A DAO is a means of independent protocol governance. Too abstract? Then think of it as a group of people who want to do business with each other, yet there is no trust between them. In most cases they have never even seen each other, nor do they know the real names of their business partners.
It could be any type of business that requires you to put up your own money (usually hoping to earn more). The goal of your joint venture could be to pool money to lend it and earn interest. Or the objective could be to buy a valuable piece of art and then resell it with a profit.
In all the scenarios you need to have a joint bank account and you need to agree on numerous rules that determine how the cooperation will work. For which things do you want to spend the money? How do you split the earnings? How do you incentivize others to support the network? What is the threshold of the risk you are willing to take? To which currency do you peg your token? You get the point.
There are literally thousands of such questions, but the beauty of a DAO is that once you have agreed on how to handle them, you can code this logic into a smart contract. Smart contracts are if-then scenarios that you can program onto a blockchain. They are the foundation of the DAO because it transforms all the ways you want your company to behave into code. Completely autonomously. No need for managers or operative staff. Human errors: gone. So are fraud attempts; code is incorruptible.
Does this mean you can sit back and watch the computer do the work while the cryptos are piling up in your wallet? Unfortunately, not quite. Once you have set up the basic mechanism, you need to do two things: Fill the treasury of the DAO and set a model for its governance. This is done via a token issuance, in which investors buy the tokens with another asset. In return, they are entitled to participate in voting on future changes and possibly in sharing the proceeds. Here each DAO has a lot of flexibility in how it is set up.
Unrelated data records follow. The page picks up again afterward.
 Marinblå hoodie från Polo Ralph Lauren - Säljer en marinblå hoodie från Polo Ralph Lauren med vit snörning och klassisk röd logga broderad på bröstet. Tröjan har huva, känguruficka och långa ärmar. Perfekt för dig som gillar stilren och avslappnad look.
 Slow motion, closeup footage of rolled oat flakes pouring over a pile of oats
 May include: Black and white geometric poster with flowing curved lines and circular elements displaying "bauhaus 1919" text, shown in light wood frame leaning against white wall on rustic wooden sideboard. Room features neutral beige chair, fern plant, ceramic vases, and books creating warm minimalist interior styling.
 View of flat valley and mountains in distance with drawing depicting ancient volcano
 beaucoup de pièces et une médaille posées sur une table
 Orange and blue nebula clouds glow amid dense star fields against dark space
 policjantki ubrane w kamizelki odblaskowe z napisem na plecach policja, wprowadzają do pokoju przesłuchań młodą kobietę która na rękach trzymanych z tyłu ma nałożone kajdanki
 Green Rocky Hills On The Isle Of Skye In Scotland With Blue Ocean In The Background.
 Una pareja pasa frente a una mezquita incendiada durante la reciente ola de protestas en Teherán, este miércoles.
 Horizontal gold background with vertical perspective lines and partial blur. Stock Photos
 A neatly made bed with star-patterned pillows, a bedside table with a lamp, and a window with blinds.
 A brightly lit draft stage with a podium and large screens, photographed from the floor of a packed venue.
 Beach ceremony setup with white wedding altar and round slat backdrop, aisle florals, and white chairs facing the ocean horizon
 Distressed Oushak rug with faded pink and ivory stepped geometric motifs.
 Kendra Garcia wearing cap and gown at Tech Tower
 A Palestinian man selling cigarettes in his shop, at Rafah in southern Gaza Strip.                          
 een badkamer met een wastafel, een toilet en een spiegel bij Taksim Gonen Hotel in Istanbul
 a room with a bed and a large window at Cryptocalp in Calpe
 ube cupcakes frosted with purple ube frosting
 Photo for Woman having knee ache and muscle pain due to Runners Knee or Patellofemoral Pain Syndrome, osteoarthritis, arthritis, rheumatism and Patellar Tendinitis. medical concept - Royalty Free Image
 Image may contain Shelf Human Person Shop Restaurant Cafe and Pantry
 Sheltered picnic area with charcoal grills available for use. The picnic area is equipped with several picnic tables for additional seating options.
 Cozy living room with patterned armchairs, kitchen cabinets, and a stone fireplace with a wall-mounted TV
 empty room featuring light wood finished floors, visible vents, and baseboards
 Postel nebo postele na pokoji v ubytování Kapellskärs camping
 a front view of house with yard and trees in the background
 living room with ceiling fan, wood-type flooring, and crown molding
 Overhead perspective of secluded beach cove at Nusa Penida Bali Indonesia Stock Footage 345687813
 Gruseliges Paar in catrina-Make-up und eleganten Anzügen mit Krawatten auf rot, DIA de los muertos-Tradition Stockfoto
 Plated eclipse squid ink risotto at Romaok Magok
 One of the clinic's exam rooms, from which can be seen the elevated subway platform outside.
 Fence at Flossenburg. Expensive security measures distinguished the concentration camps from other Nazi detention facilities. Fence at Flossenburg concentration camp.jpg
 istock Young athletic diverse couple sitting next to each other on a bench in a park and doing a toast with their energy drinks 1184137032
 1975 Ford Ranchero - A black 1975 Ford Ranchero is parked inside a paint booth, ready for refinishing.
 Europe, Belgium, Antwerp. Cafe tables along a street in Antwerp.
The birth and re-birth of DAOs
DAOs have been around since 2015, as first introduced by Dan Larimer, who had founded a number of important crypto-companies such as BitShares, Steemit and EOS. Yet DAOs really soared to prominence on Ethereum. That ended rapidly when in June 2016 the Ethereum chain suffered the infamous DAO-hack. A DAO organization that (confusingly enough) was also named DAO managed to raise a record 150 million USD from over 11,000 investors. The DAO’s purpose was to invest the raised capital into dApps (i.e. decentralized apps) to earn a profit for the investors. The smart contract code had a vulnerability, however, and attackers managed to drain ETH worth 50m USD from the DAO. Subsequently, the organization went out of business, Ethereum was split into ETH (Ethereum) and ETC (Ethereum Classic), and the concept of the DAO was considered scorched earth by many founders and investors.
The DAO had its large revival in the 2021 DeFi-summer, where billions of dollars flowed into Decentralized Finance (DeFi) applications, many of which were governed by DAOs. Simply put, DeFi includes a host of financial services that use blockchain technology and offer banking services without banks. DeFi applications range from decentralized crypto-exchanges (DEX) to autonomous lending platforms that collateralize users’ crypto-assets.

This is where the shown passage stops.